Umweltverbände setzen sich für eine Beschleunigung von Verfahren ein. Das bedeute jedoch eine frühe Beteiligung der Öffentlichkeit bereits in der Vorplanung und nicht zu einem Zeitpunkt, wo die Planung schon zu weit vorangeschritten ist. Um eine Beeinflussung des Vorhabenträgers auszuschließen, müssten Gutachten zu den rechtlich vorgeschriebenen Umweltuntersuchungen neutral vergeben werden.

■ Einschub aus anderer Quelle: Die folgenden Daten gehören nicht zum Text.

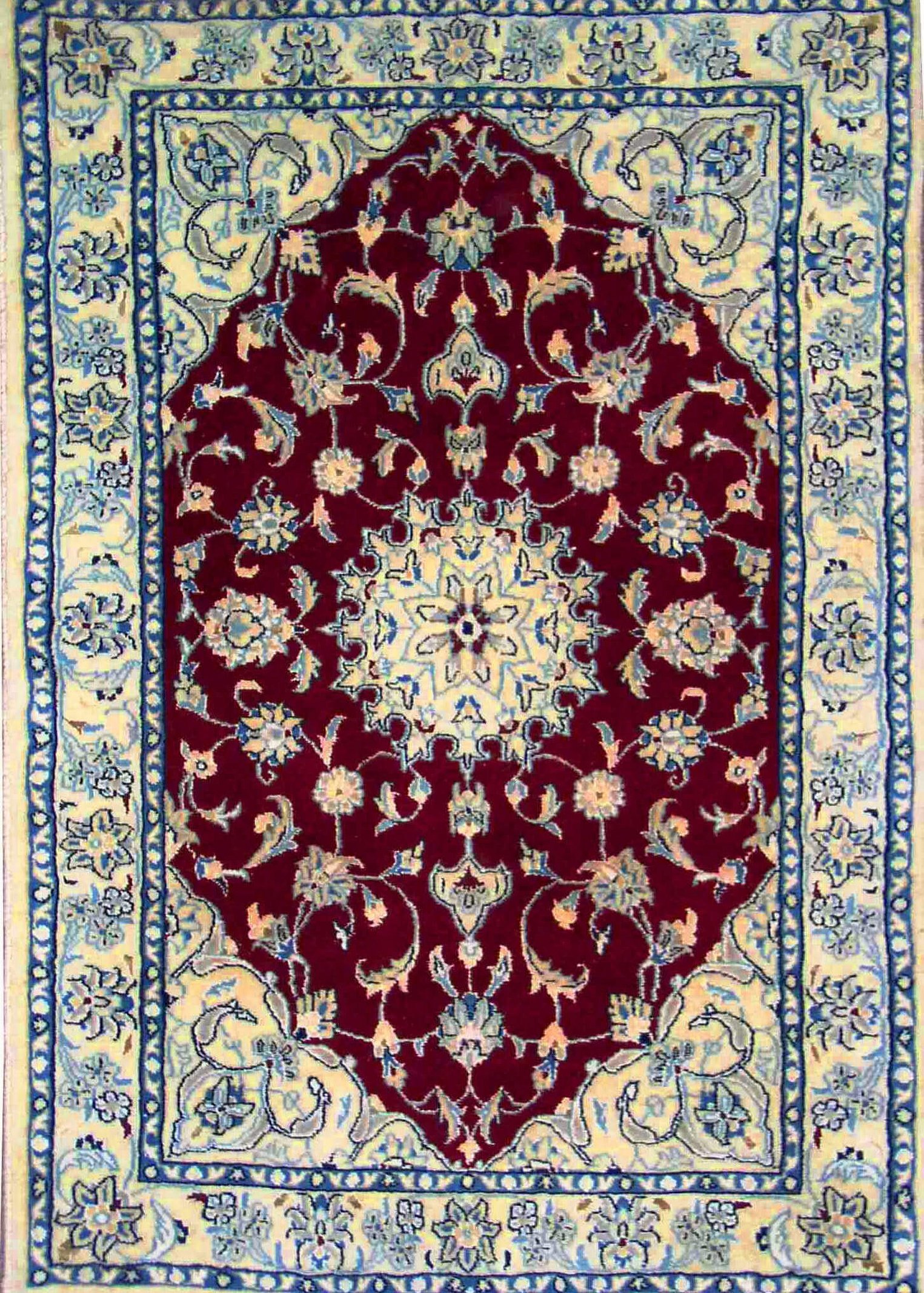 Персидский ковер иран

Am sinnvollsten wäre es nach Auffassung des NABU Hamburg, wenn sich Vorhabenträger und Umweltverbände gemeinsam auf Gutachter einigten. Auch Planfeststellungsbehörden müssten wirklich unabhängig sein. „Solange Planfeststellungsbehörden, die alle Unterlagen kritisch prüfen sollen, im Regelfall bei den Verkehrsministerien angesiedelt sind, ändert sich jedoch nichts. Denn wie unabhängig und kritisch kann ein Behördenmitarbeiter sein, wenn der der Behörde vorstehende Minister ein Projekt unbedingt haben will?“, fragt sich Siegert.